Test decoupling or test concentration: For marginal guarantees, the test point should behave approximately like an independent fresh draw:

\[\left| \mathbb P[\widehat s_{\mathrm{train}}(X_i,Y_i)\le q_{\mathrm{train}}] - \mathbb P[\widehat s_{\mathrm{train}}(X_*,Y_*)\le q_{\mathrm{train}}] \right| \le \epsilon_{\mathrm{train}}.\]

This is the paper’s replacement for exact exchangeability on the test side: even though data are dependent, the distribution of the test residual is close to that of a fresh point.

For empirical guarantees over the whole test block, one instead assumes concentration of the test empirical CDF around the same population target, with error $\epsilon_{\mathrm{test}}$ and failure probability $\delta_{\mathrm{test}}$. This gives a very useful mental model:
- $\epsilon$ terms measure how wrong the exchangeability heuristic is;
- $\delta$ terms measure how often the concentration event fails.
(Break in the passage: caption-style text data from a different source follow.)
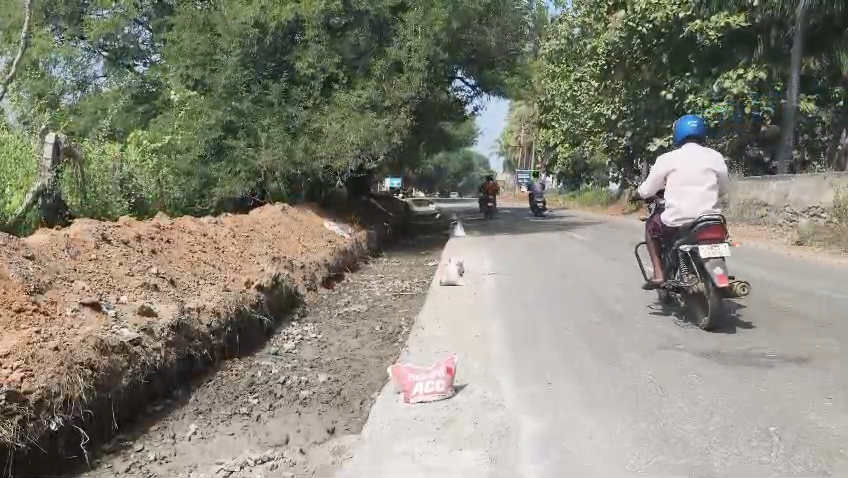 நெடுஞ்சாலைத்துறை அதிகாரிகளின் அலட்சியம் ! பொதுமக்கள் அவதி !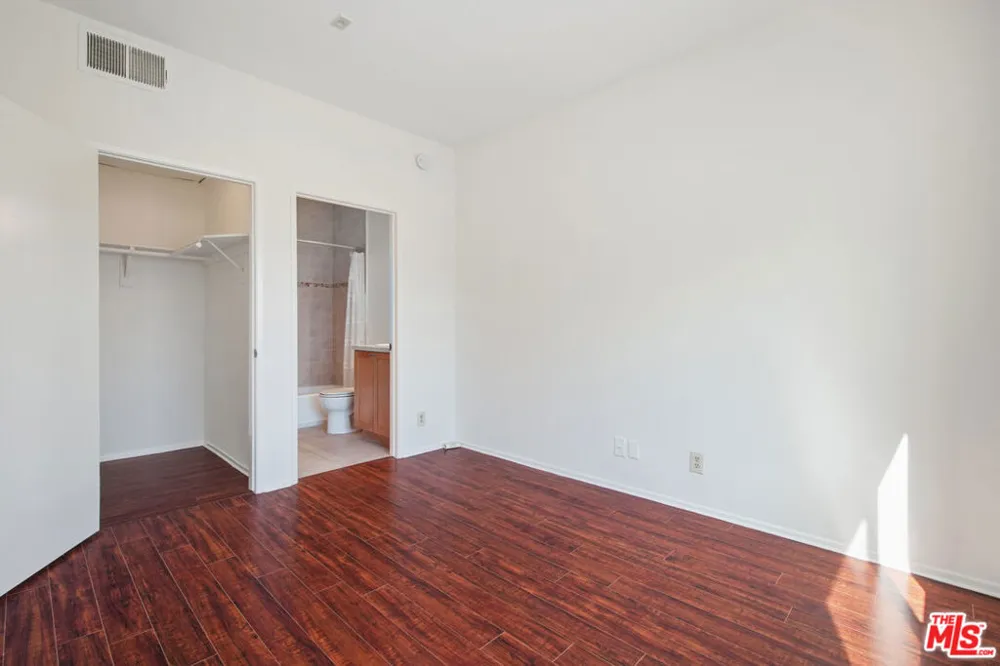 937 Wilcox Avenue #7 Los Angeles, CA 90038
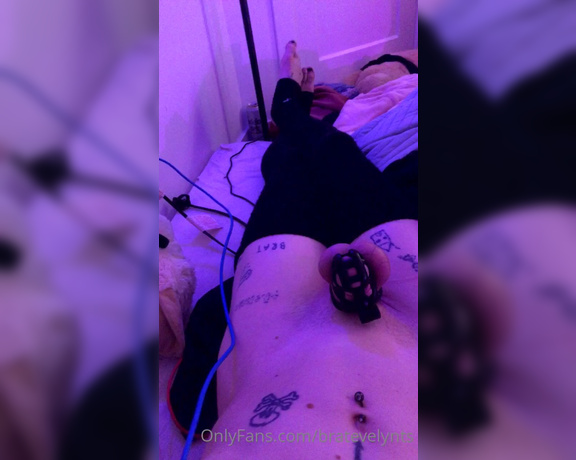 Evelyn Tumbles aka bratevelynts - 12-12-2022 OnlyFans Video - cute n small  trying to find balance between being locked and unlocked it is vvvvvfun_krcy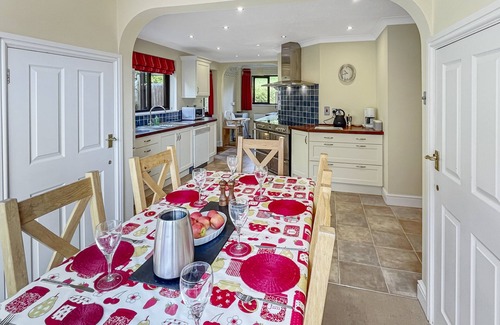 Dulverton House | Discover Merrijig, Dulverton: Guest Rated 9.8 with Breakfast
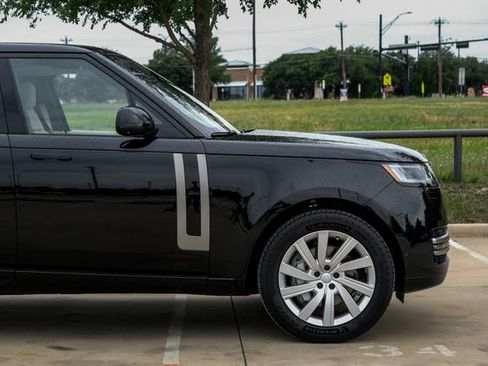 Used 2024 Land Rover Range Rover SE AWD/4WD image 9
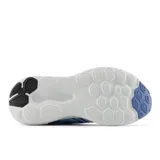 Championes New Balance modelo 411 para mujer, color celeste claro con detalles en azul oscuro y logo 'N' en negro. Tienen una suela gruesa de espuma blanca texturizada.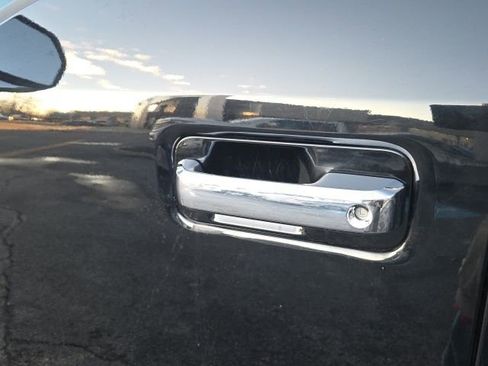 Used 2017 Ford F250 XLT w/ XLT Premium Package image 18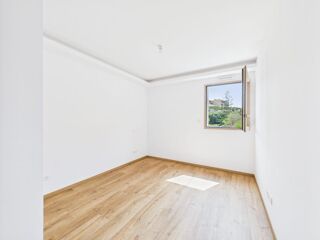  Appartement � vendre 3 pi�ces 77 m�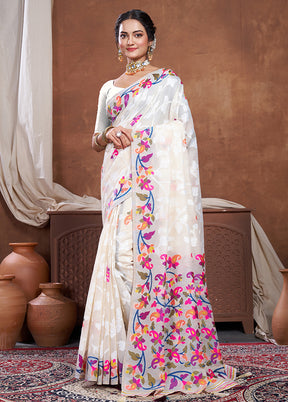 Off White Spun Silk Saree With Blouse Piece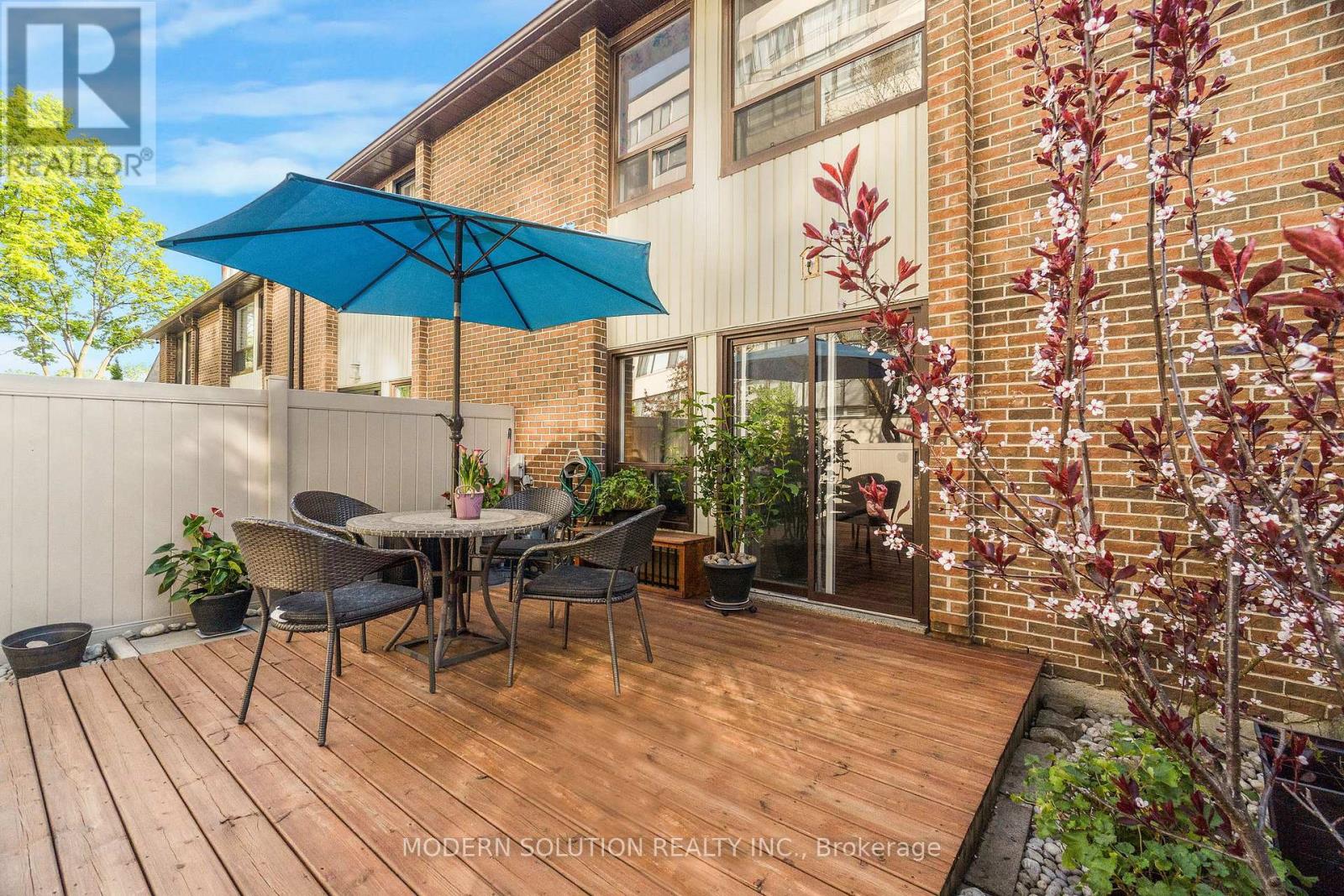 Photo 33 of 25 1021 Cedarglen Gate, Mississauga ON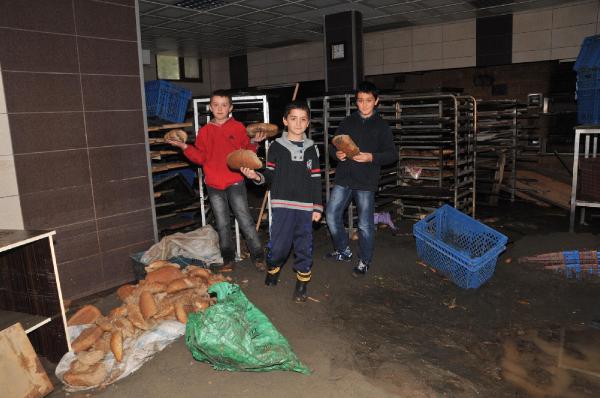 Borçka’da sel ihmalle geldi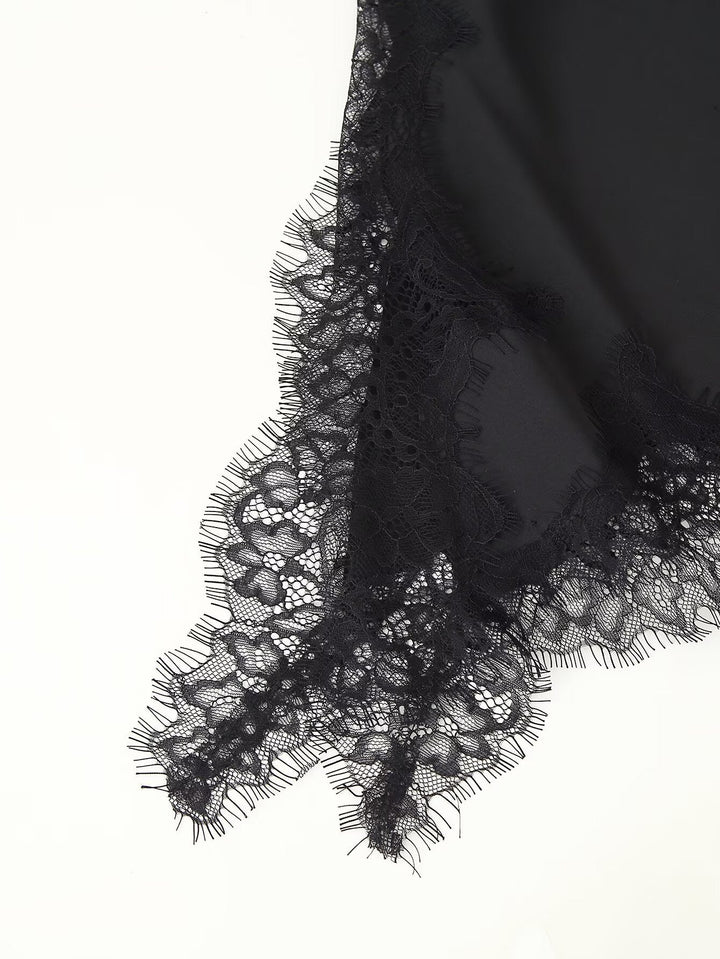 Virelle™ – Top Halter in Draped Lace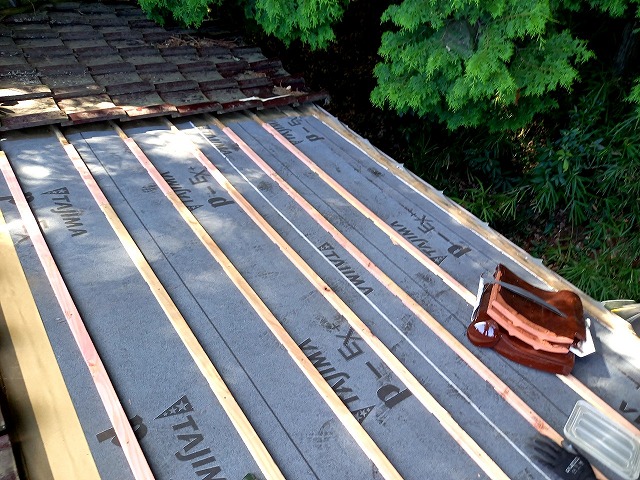 屋根葺き直し工事で瓦桟の取り付けが完了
Marginal versus empirical guarantees

This distinction is one of the most important points in the paper.

Marginal coverage concerns a single test point: $\mathbb P\big[Y_i \in C_{1-\alpha}(X_i)\big].$ This is an average-probability statement over the randomness in the data-generating process. It says that if you sample one test example from the test regime, the prediction set covers with high probability.

Empirical coverage concerns the fraction of covered points in the realized test set: $\frac{1}{n_{\mathrm{test}}}\sum_{i\in I_{\mathrm{test}}} \mathbf 1\{Y_i \in C_{1-\alpha}(X_i)\}.$ This is stronger in a different sense: it controls the actual realized coverage rate over a block of test points, not just the average for one point. In dependent data, these are not the same because many positively correlated successes or failures can happen together.

The paper unifies them by showing how both degrade through explicit $\epsilon$ and $\delta$ corrections**.

Theorem 1: marginal coverage under non-exchangeability

Theorem 1 states that if the calibration concentration condition and the test decoupling condition hold, then for every test index $i$,

\[\mathbb P\big[Y_i \in C_{1-\alpha}(X_i)\big] \ge 1-\alpha-\epsilon_{\mathrm{cal}}-\delta_{\mathrm{cal}}-\epsilon_{\mathrm{train}}.\]

If the score distribution is conditionally continuous, then the deviation from the nominal level is bounded on both sides:

\[\left| \mathbb P\big[Y_i \in C_{1-\alpha}(X_i)\big] - (1-\alpha) \right| \le \epsilon_{\mathrm{cal}}+\delta_{\mathrm{cal}}+\epsilon_{\mathrm{train}}.\]

Interpretation: the classical split conformal proof is no longer exact, but it is approximately correct up to three penalties:

calibration estimation error $\epsilon_{\mathrm{cal}}$;
calibration failure probability $\delta_{\mathrm{cal}}$;
mismatch between the test point and an independent fresh point, $\epsilon_{\mathrm{train}}$.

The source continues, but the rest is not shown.